Yeung, who was born and raised in Hawaii said she began working with the snails because she wanted to show the next generation of people that they still have these amazing invertebrates living on the island.

“The majority of these species are only found in Hawaii, so if they are gone, they are gone for good,” she said.

Mollusks in Peril will feature almost a dozen speakers, mostly traveling to the island from the United States. They will provide an hour long presentation followed by panel discussions. Leal said the public is welcome to ask questions and participate.

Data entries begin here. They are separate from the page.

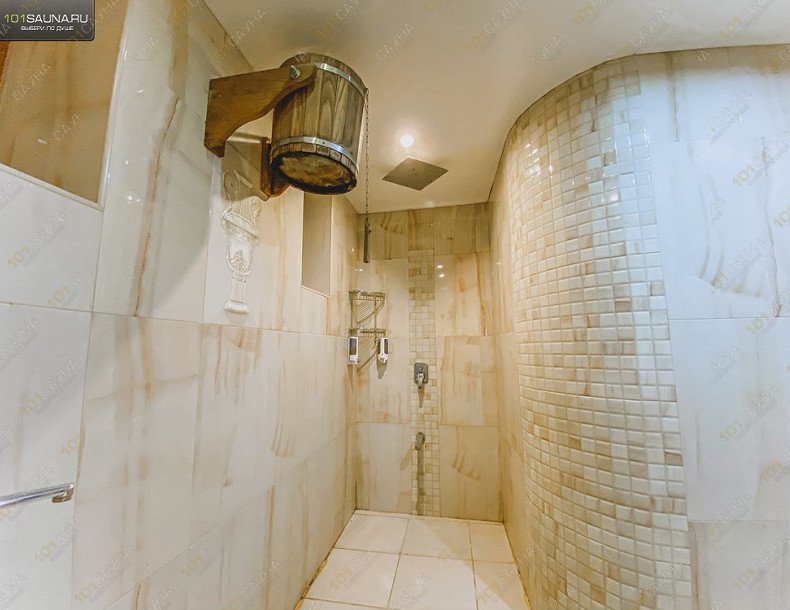 Бани и СПА Bellagio, в Ростове-на-Дону, ул. 50-летия Ростсельмаша, 7 В | Императорская баня. Фото 38 | 1001sauna.com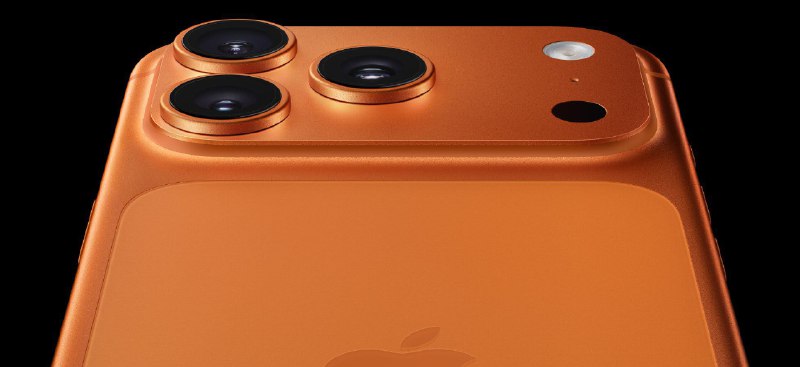 iPhone 18 Pro Max Expected to Feature Increased Thickness and Weight Compared to Previous Model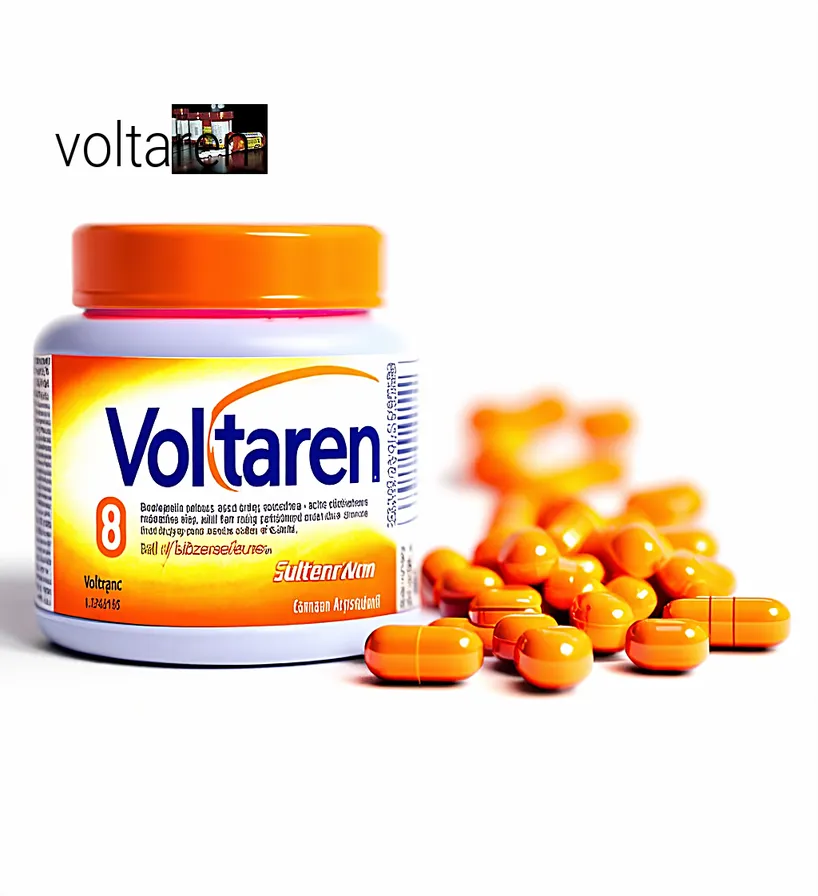 Voltaren kjøp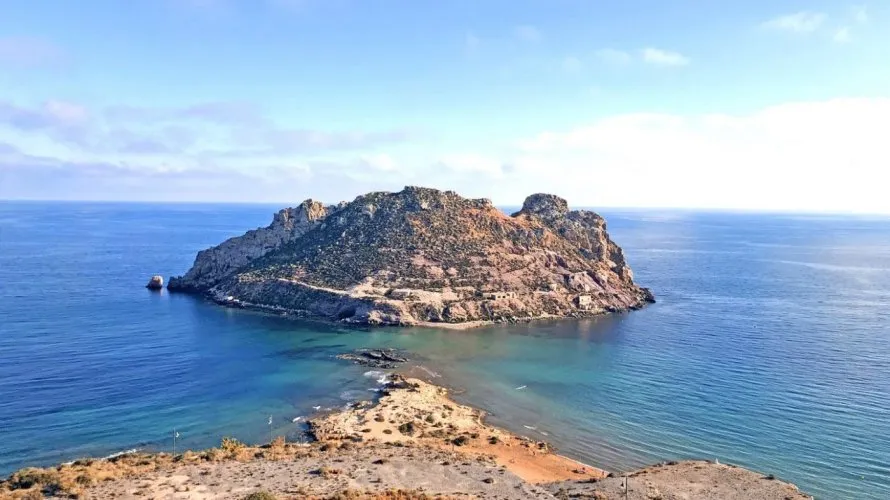 3 bedrooms penthouse for sale, Aguilas, Spain No. 292 № 15
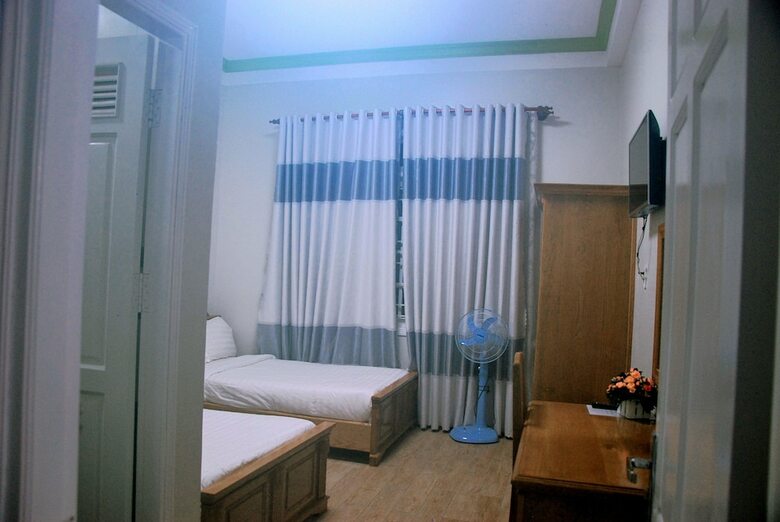 Hotel Biet Thu Duoc Coco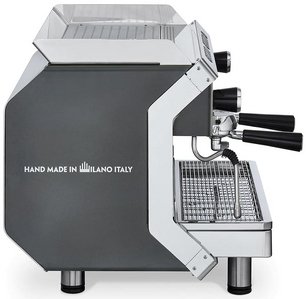 Кофемашина La Pavoni GENIALE2VNEU фото 3 в Новосибирске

The remaining featured speakers include:

North Carolina Museum of Natural Sciences Research Curator of Aquatic Invertebrates Dr. Arthur Bogan. He is a malacologist specializing in freshwater mussel taxonomy, distribution, conservation and evolution.;

University of Washington Professor of Biology Dr. Emily Carrington, who bases her research at the Friday Harbor Laboratories in the San Juan Islands. For more than two decades, her focus has been on the mechanical design of marine invertebrates and macroalgae.;

Research Professor Dr. Robert Cowie from the University of Hawaii at Manoa Pacific Biosciences Research Center. His research is based on understanding the sources and determinants of non-marine molluscan diversity.;

Dr. C. Mark Eakin, a coral reef watch coordinator for the National Oceanic and Atmospheric Administration Center for Satellite Applications and Research. He has published works on such topics as coral reef ecology and the impact of climate change.;

Western Illinois University Professor and Chair of Biological Sciences Dr. Charles Lydeard. His focus is on freshwater mollusks;

University of South Florida College of Marine Sciences Professor of Biological Oceanography Dr. Brad Seibel. He focuses on the physiological response of marine animals to extreme environments, ocean acidification, deoxygenation and warming, polar and deep-sea biology and biology of mollusks.;

Queen’s University Marine Laboratory Associate Professor and Associate Director Dr. Julia Sigwart. She studies the evolution and diversification of mollusks, as well as other marine invertebrates.;

Oregon State University College of Earth, Ocean and Atmospheric Sciences Assistant Professor Dr. George Waldbusser. He works on ocean acidification.

Bowdoin College Earth and Oceanographic Science Visiting Assistant Professor Dr. Meredith White. Ocean acidification on bay scallop larval development was the topic of her thesis.

“They are all well-known and working on mollusks conservation for many years,” Leal said.